**Extracted data:**
-- -- --

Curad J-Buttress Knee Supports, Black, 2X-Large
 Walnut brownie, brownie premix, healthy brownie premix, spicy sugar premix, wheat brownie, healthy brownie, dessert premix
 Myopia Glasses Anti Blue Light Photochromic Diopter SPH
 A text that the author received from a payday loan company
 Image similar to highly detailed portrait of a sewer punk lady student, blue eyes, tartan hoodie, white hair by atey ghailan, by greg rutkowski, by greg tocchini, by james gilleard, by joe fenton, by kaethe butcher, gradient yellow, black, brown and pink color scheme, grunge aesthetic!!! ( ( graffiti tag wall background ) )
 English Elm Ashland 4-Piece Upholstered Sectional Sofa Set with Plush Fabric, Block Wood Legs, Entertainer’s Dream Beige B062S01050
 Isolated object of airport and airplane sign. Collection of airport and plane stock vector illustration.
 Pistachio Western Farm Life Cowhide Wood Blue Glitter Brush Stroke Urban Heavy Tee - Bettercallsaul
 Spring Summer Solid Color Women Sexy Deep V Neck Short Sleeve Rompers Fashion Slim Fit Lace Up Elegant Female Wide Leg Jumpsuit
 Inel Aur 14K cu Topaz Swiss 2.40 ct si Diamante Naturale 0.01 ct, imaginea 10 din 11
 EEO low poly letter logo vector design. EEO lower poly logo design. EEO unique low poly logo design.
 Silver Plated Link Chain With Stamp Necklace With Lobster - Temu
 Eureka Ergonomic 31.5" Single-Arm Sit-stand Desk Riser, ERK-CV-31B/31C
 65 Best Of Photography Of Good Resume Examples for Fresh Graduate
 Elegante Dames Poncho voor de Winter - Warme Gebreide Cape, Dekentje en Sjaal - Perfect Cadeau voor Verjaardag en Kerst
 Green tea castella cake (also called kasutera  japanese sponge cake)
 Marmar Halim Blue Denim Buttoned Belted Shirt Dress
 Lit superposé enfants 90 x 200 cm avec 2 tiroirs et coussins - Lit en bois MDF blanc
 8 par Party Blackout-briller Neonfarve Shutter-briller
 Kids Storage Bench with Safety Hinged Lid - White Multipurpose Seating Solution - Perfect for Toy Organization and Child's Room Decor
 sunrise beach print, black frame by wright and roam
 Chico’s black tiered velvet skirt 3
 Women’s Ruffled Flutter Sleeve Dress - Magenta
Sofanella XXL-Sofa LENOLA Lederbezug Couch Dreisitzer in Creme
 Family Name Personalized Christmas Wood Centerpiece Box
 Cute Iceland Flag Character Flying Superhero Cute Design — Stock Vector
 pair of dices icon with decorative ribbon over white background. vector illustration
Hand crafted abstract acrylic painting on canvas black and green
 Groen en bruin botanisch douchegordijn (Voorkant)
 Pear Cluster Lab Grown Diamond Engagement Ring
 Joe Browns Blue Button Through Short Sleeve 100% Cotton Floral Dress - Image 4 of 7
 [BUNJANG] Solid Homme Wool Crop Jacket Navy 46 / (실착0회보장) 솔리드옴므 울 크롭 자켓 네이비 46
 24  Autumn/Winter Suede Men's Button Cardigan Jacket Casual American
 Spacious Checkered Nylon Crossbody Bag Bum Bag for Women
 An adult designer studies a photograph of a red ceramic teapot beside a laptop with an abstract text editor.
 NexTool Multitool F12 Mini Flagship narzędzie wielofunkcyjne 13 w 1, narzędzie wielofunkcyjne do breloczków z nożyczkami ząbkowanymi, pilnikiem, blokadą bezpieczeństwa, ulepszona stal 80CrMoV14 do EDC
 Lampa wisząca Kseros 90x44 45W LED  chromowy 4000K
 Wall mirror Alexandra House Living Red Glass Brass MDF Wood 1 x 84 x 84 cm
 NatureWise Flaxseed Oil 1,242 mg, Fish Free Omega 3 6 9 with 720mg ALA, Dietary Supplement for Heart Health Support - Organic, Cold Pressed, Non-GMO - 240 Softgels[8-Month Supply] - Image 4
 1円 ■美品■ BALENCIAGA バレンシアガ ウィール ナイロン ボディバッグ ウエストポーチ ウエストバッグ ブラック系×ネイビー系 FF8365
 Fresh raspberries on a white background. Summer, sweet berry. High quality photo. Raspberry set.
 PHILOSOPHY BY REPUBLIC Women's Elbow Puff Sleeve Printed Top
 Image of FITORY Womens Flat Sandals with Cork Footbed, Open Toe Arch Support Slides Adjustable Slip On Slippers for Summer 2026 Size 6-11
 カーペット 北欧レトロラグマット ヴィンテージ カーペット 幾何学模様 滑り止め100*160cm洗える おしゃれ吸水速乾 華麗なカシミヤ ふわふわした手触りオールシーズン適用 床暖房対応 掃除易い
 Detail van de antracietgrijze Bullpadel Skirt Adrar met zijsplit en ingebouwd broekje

-- -- --

**Required work:**
Please copy out each line of the material that holds the string "text".

**Answer space:**
 A text that the author received from a payday loan company
 An adult designer studies a photograph of a red ceramic teapot beside a laptop with an abstract text editor.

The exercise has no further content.